Are there key themes in your work?
A key theme within my work is people and everyday life. I enjoy capturing the small things in life in my work. Over the years I have always had a sketchbook at hand and have actually kept a visual diary of my everyday life. I have sketchbooks upon sketchbooks stored away in cupboards documenting the little things you observe when out and about.
Another theme in my work is exploration, not just within the subject matter but within the perception, practice and execution. I enjoy always pushing myself to try new things.
What are they, how do you explore them?
My work varies a lot in medium, however more recently I have migrated over to digital drawing and animation, something that is limitless, instant and allows me to work to whatever size imaginable.
How has your practice developed or changed over time?
Throughout my early career as an artist, I really had no idea what avenue I wanted to go down. After leaving university I decided the best way to find out was to surround myself with like-minded people. This gave me the confidence to keep practising art even if I didn’t know what my particular interest or style was. Working alongside Seacourt Print workshop enabled me to keep a positive relationship with art. It also helped me explore new techniques and styles – something that I wouldn’t have had the confidence to do myself. I truly believe that a positive work environment is everything and I owe a lot of my skill set and exploration to Seacourt for this!
In February 2016 I decided to move to France to further explore my practice. I spent a year documenting my trip through ‘in situ’ woodcut prints. This particular type of printmaking meant I could truly concentrate on my linework and worry less about colour – something which I have been developing more recently.
After spending almost 2 years in France, I returned home to Northern Ireland with a folder of over 200 prints, collages and drawings. I feel that through this I gained a strong grounding in line work, pattern and composition. Since then, I have been working on a more contemporary style fit for a modern audience but I wouldn’t have got to this point without my woodcuts.
What work or processes do you most enjoying doing?
At the moment I am hooked on looped animations, something that I am forever tinkering with.
Who or what are your biggest influences?
I take a huge amount of inspiration from traditional artists such as Matisse and Kandinsky for their geometric structure and patterns.

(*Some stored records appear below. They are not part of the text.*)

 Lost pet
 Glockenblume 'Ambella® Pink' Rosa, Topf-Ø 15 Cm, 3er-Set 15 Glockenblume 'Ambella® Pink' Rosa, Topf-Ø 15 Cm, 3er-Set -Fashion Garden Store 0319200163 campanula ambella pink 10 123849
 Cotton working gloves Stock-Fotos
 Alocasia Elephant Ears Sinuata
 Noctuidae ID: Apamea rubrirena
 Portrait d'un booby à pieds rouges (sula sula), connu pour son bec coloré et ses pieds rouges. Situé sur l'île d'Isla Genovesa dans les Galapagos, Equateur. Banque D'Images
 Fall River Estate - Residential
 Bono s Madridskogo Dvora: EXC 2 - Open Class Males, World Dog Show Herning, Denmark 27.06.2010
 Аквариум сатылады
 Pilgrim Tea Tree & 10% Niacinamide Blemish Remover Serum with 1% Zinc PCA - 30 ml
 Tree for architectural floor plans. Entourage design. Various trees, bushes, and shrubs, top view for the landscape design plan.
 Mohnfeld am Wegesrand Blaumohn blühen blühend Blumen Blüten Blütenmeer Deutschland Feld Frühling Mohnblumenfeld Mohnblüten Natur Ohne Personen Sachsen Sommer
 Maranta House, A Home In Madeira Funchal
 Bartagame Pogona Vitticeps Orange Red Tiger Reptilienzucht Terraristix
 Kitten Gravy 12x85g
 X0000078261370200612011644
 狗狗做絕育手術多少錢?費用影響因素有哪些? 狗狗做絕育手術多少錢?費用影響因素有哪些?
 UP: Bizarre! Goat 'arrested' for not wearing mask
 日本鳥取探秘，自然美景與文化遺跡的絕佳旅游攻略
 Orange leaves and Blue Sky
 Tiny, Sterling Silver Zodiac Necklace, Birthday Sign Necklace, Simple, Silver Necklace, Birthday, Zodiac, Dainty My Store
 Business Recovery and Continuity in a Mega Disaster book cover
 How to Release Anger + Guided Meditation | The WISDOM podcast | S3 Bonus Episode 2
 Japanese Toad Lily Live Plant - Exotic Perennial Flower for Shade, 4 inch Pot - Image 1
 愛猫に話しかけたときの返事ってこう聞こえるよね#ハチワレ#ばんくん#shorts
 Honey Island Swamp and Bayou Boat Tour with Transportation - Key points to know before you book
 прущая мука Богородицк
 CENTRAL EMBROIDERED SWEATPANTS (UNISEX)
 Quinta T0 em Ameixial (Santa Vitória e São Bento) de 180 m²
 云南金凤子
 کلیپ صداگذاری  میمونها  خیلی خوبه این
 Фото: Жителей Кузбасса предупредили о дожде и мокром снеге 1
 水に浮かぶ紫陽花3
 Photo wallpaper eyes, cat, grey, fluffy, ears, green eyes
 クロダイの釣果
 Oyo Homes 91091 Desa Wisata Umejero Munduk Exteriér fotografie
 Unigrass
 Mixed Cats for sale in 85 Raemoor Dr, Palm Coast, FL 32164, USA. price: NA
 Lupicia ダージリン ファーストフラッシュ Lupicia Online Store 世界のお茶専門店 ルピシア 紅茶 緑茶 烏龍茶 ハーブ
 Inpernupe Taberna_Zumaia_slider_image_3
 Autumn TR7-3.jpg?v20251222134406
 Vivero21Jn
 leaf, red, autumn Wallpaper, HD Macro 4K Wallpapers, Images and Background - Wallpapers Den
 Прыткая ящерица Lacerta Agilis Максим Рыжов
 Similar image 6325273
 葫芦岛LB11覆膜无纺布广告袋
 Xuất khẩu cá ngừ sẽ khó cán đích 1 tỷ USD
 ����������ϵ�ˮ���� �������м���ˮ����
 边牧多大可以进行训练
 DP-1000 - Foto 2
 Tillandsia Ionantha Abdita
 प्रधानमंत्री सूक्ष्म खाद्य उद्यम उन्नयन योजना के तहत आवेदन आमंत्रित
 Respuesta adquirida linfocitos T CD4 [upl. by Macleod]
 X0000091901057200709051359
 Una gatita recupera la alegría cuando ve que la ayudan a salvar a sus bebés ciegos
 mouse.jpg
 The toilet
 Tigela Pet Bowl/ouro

Matisse’s Cut-outs has become a permanent fixture on my studio desk as of recent. Tomi Ungerer has always been a great inspiration for me too. His confident line work and ability to attack sensitive topics within his book, ‘Pensées Secrètes‘ has always stayed with me. I was lucky enough to see him at Offset Dublin in 2015 before his passing.
I am an avid Instagram user and think it’s a fantastic platform to find like-minded artists who are experimenting with digital. The world of illustration and design is changing every day and I enjoy following different artists and gallery pages to see what type of work other people are doing.
Have you had any responses to your work that were particularly memorable, or not what you expected?
When I started drawing the Belfast pubs at the start of lockdown, I never expected the response I would get from them. I had no set plan when I drew the first pub (which was The Spaniard). In fact, it was mainly to experiment with digital drawing and colours. After the initial response, I realised that it was a subject which I could explore further as people were positively engaging with it.
What’s the best piece of advice you’ve been given?
Brain fogs a pretty massive problem in this line of work, and while I was in university a friend told me once, ‘In the words of Ernest Hemingway – ‘Write drunk, edit sober’
Obviously not literally unless you want, but I think you can be too precious with work and this can add a lot of stress to the job. I always think about this when I get stuck, as a means to be a little more carefree with the intention of refining it later the next day.